## EXERCISE:
Would you reproduce each line below exactly, leaving every picture out?

(Captioned web images)
BEGIN
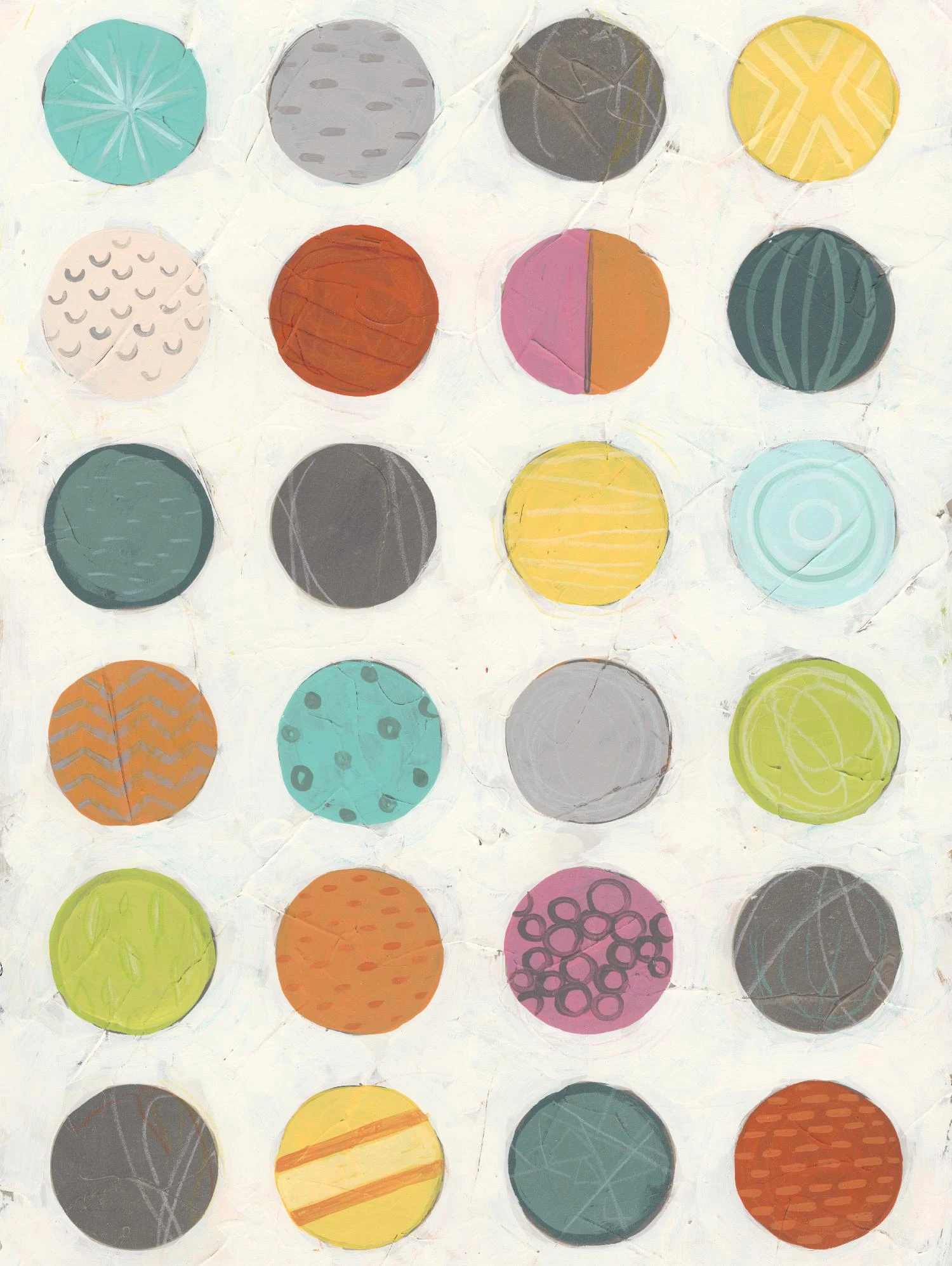 Pattern Interaction III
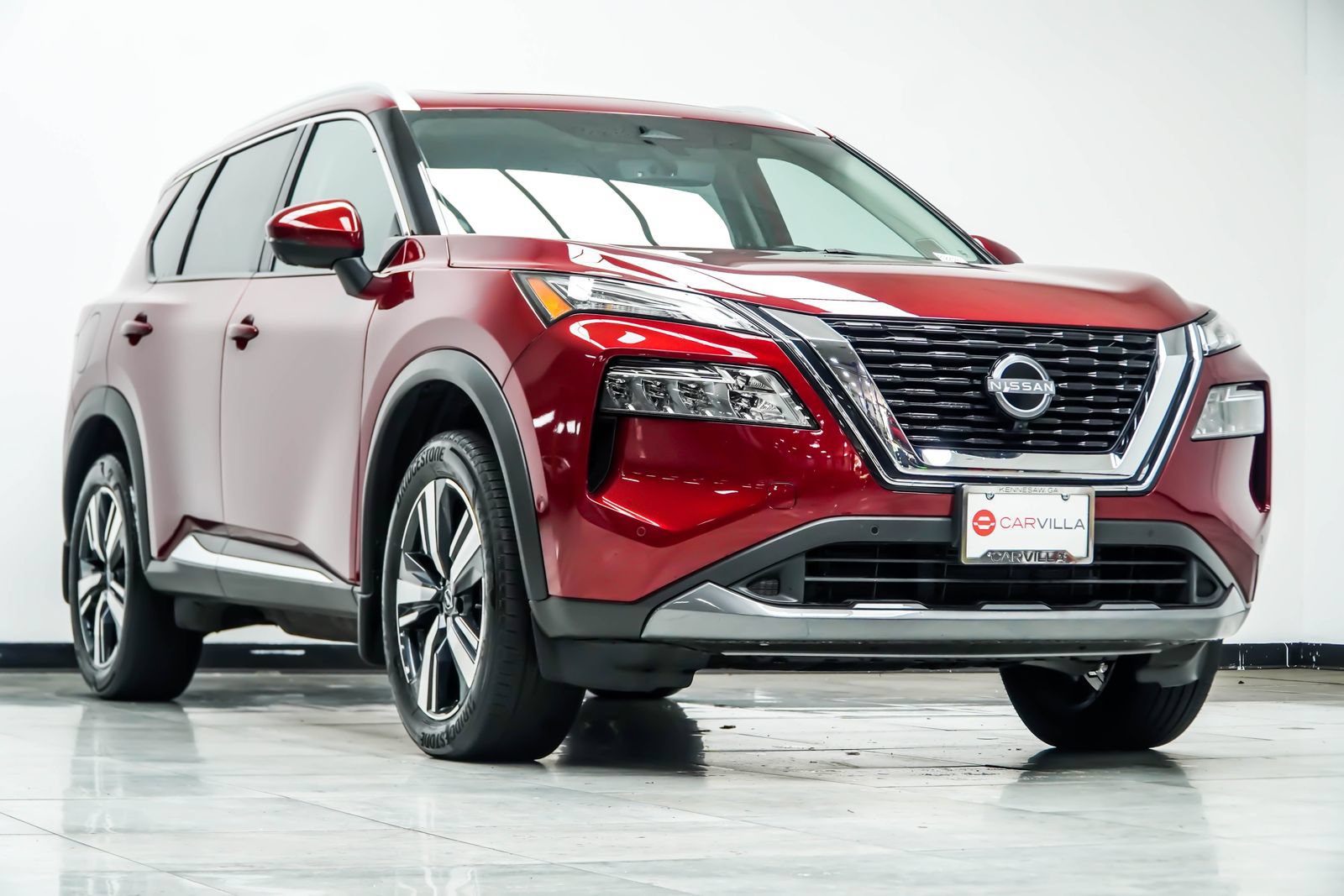 Used 2023 Nissan Rogue SL w/ SL Premium Package AWD/4WD image 5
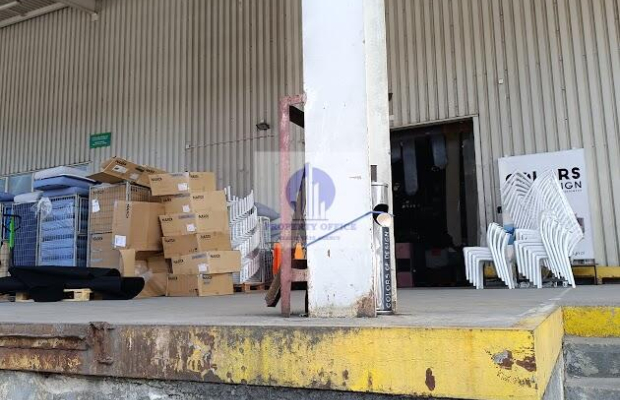 Praga Północ: magazyn na wynajem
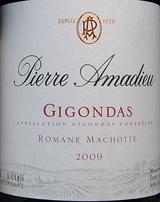 Pierre Amadieu - Gigondas Romane-Machotte NV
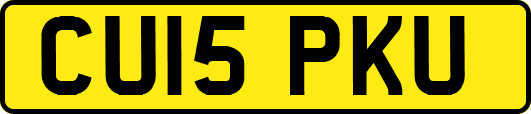 CU15PKU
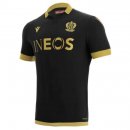 Tercera Equipación Tailandia Camiseta OGC Nice 2021/2022 Blanco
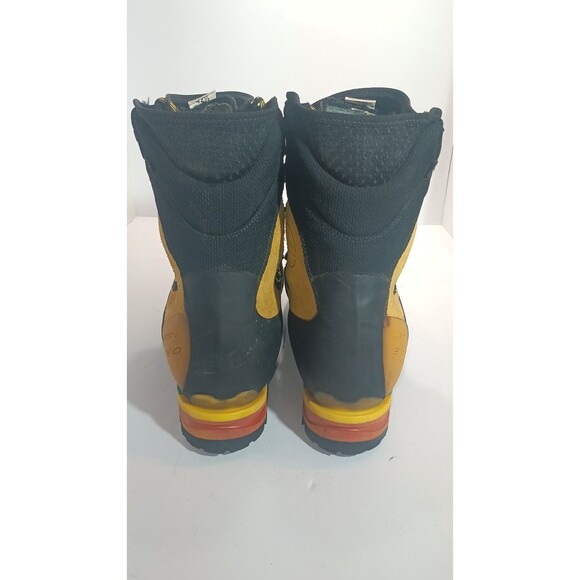 La Sportiva Nepal EVO Mountaineering Boot- 42.5 U.S Men 9.5 Women 10.5 - Picture 8 of 16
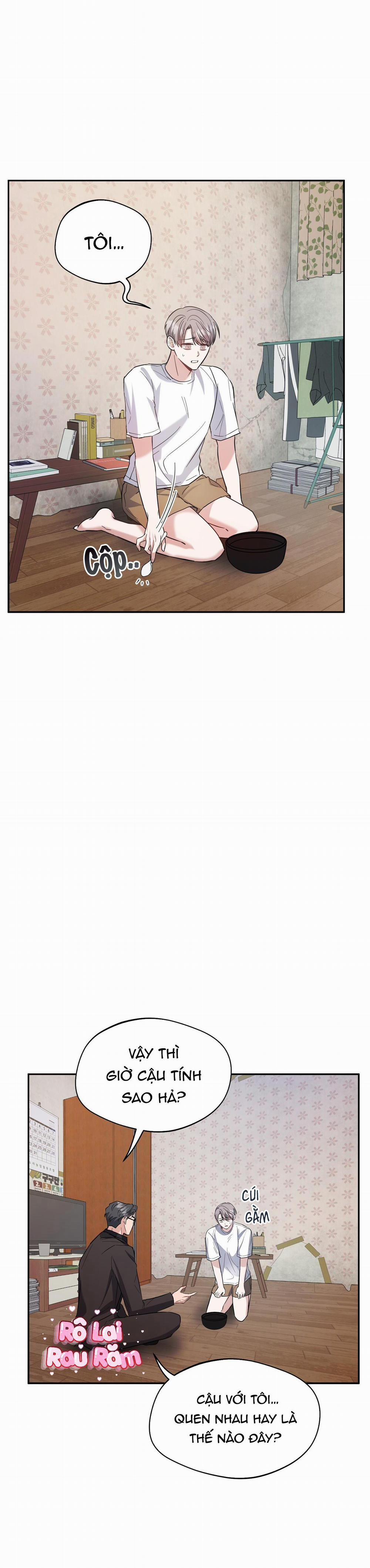 Giang Hồ Lạ Mặt 4 trang 9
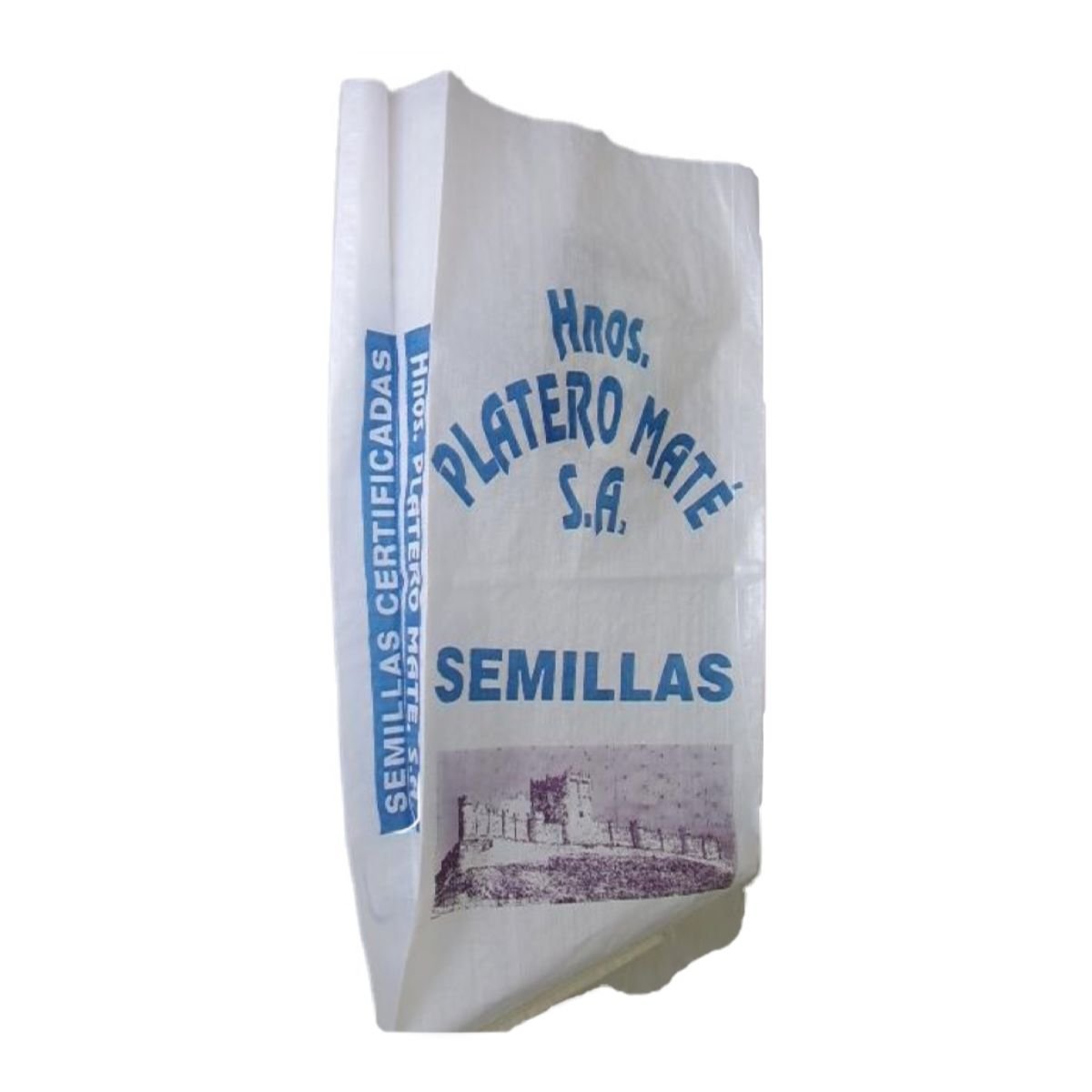 Waterproof 10kg 40kg 50kg PE liner PP woven BOPP laminated Plastic bag package for organic fertilizer salt sugar sack 25kg
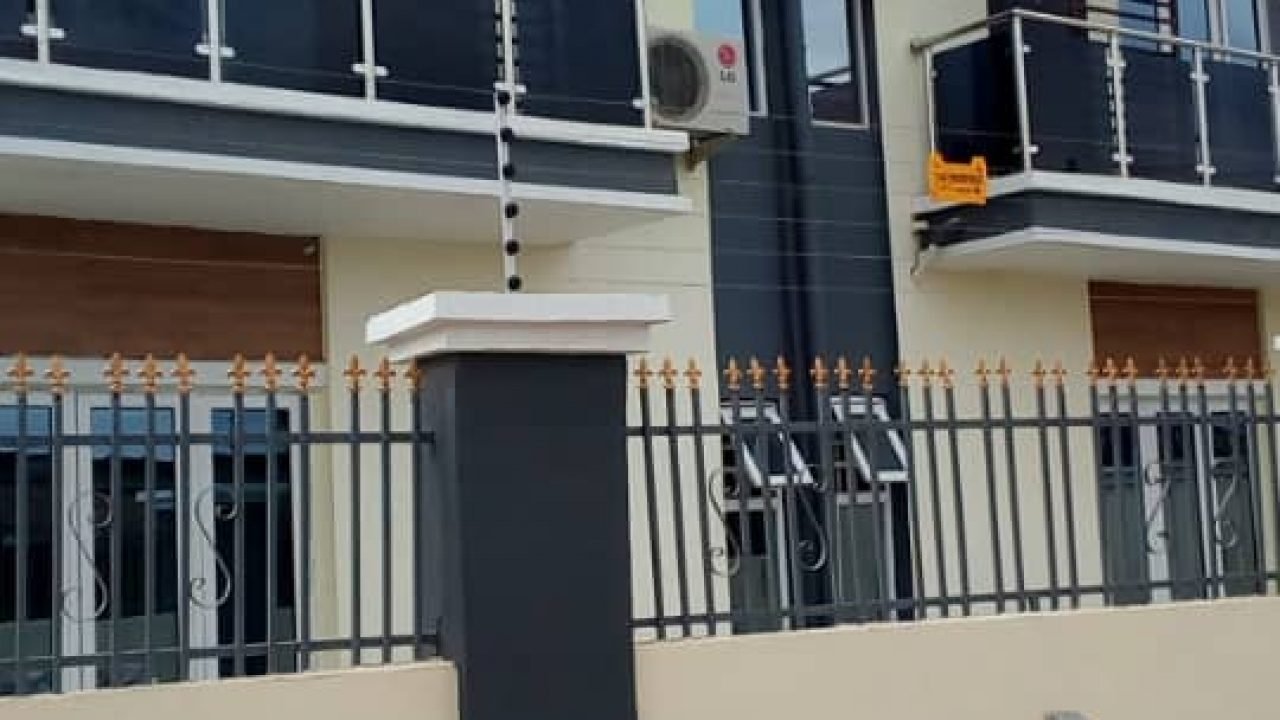 Executive 3 bedroom flat for rent in Akonwojo Lagos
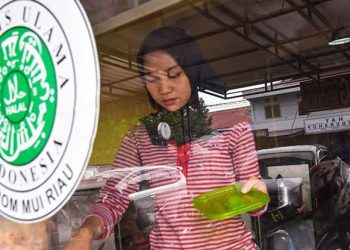 Hati-Hati, UMKM yang tidak Kantongi Sertifikasi Halal Bakal Disanksi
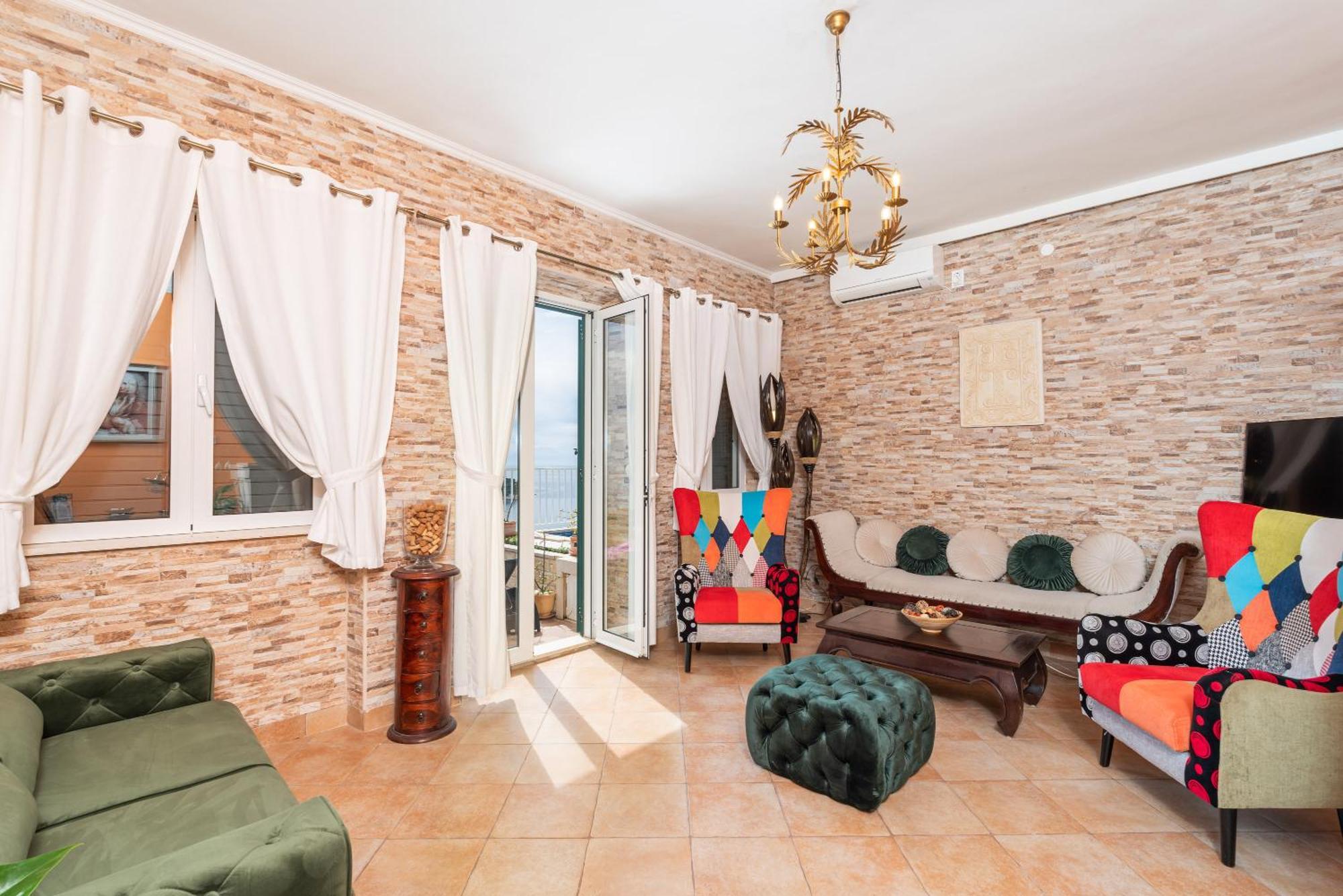 Villa Adrian Dubrovnik Dış mekan fotoğraf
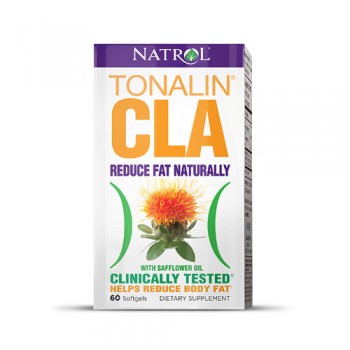 Natrol Tonalin® CLA -- 60 Softgels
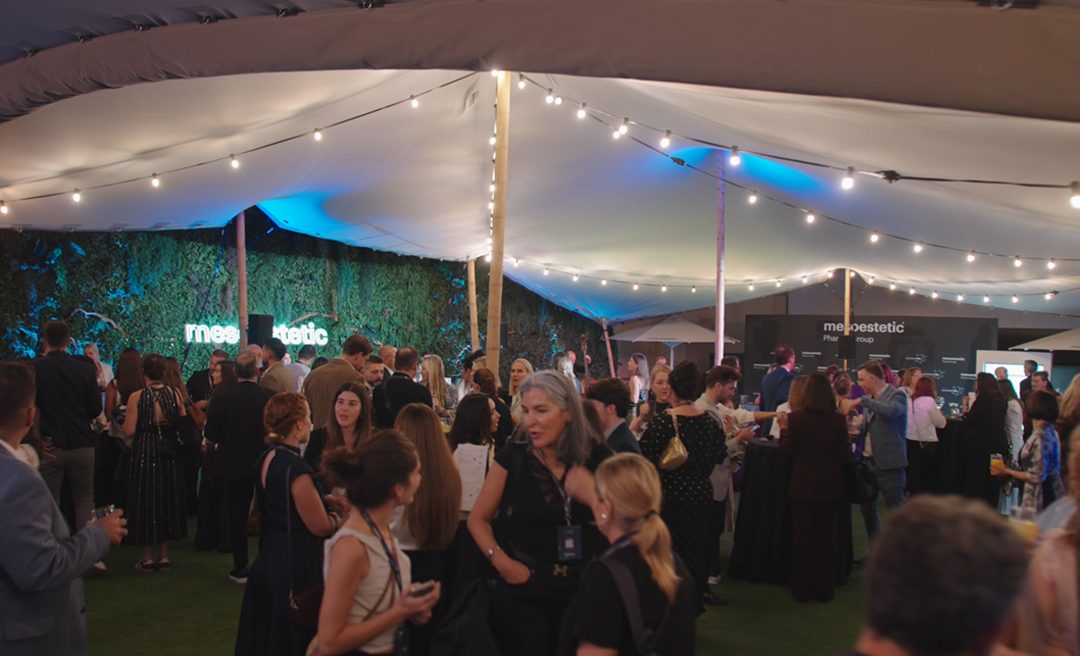 MESOESTETIC MEDICAL EVENT AT CALLAO CITY LIGHTS
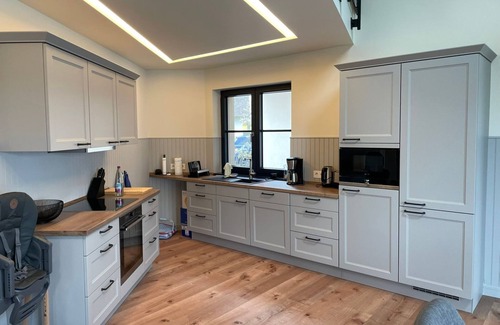 Puddemin Casa | Ferienhaus Inselglück in der Puddeminer Wiek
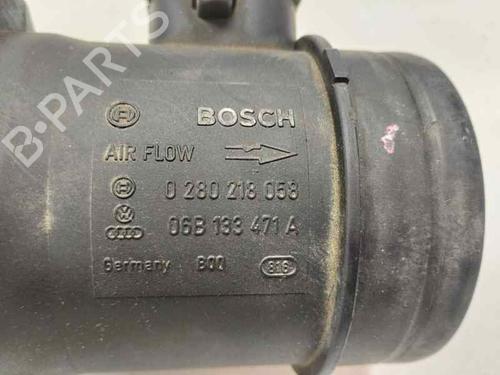 Used Mass air flow sensor AUDI A4 B6 (8E2) 2.0 (130 hp) 23532787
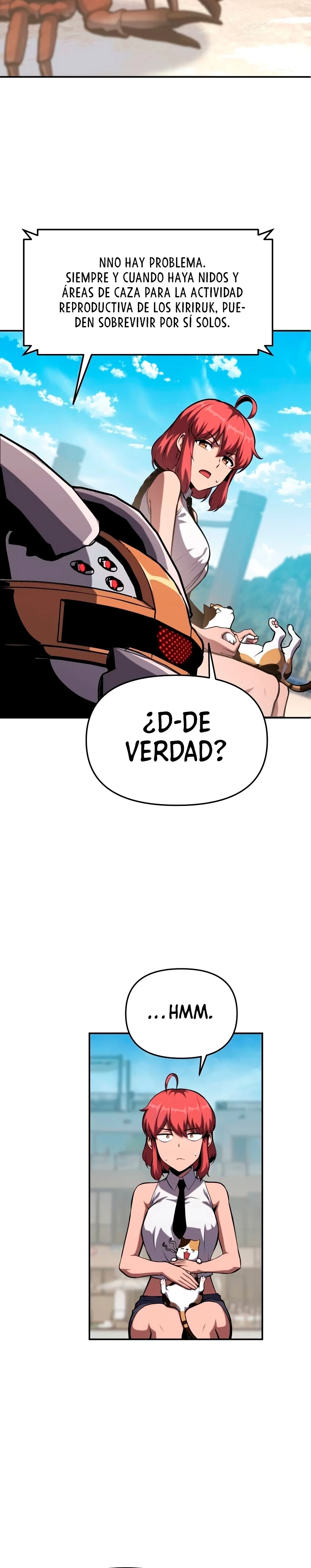 El Devoto Caballero capítulo 61, página 2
END
## PROBLEM SOLUTION:
 Pattern Interaction III
 Used 2023 Nissan Rogue SL w/ SL Premium Package AWD/4WD image 5
 Praga Północ: magazyn na wynajem
 Pierre Amadieu - Gigondas Romane-Machotte NV
 CU15PKU
 Tercera Equipación Tailandia Camiseta OGC Nice 2021/2022 Blanco
 La Sportiva Nepal EVO Mountaineering Boot- 42.5 U.S Men 9.5 Women 10.5 - Picture 8 of 16
 Giang Hồ Lạ Mặt 4 trang 9
 Waterproof 10kg 40kg 50kg PE liner PP woven BOPP laminated Plastic bag package for organic fertilizer salt sugar sack 25kg
 Executive 3 bedroom flat for rent in Akonwojo Lagos
 Hati-Hati, UMKM yang tidak Kantongi Sertifikasi Halal Bakal Disanksi
 Villa Adrian Dubrovnik Dış mekan fotoğraf
 Natrol Tonalin® CLA -- 60 Softgels
 MESOESTETIC MEDICAL EVENT AT CALLAO CITY LIGHTS
 Puddemin Casa | Ferienhaus Inselglück in der Puddeminer Wiek
 Used Mass air flow sensor AUDI A4 B6 (8E2) 2.0 (130 hp) 23532787
 El Devoto Caballero capítulo 61, página 2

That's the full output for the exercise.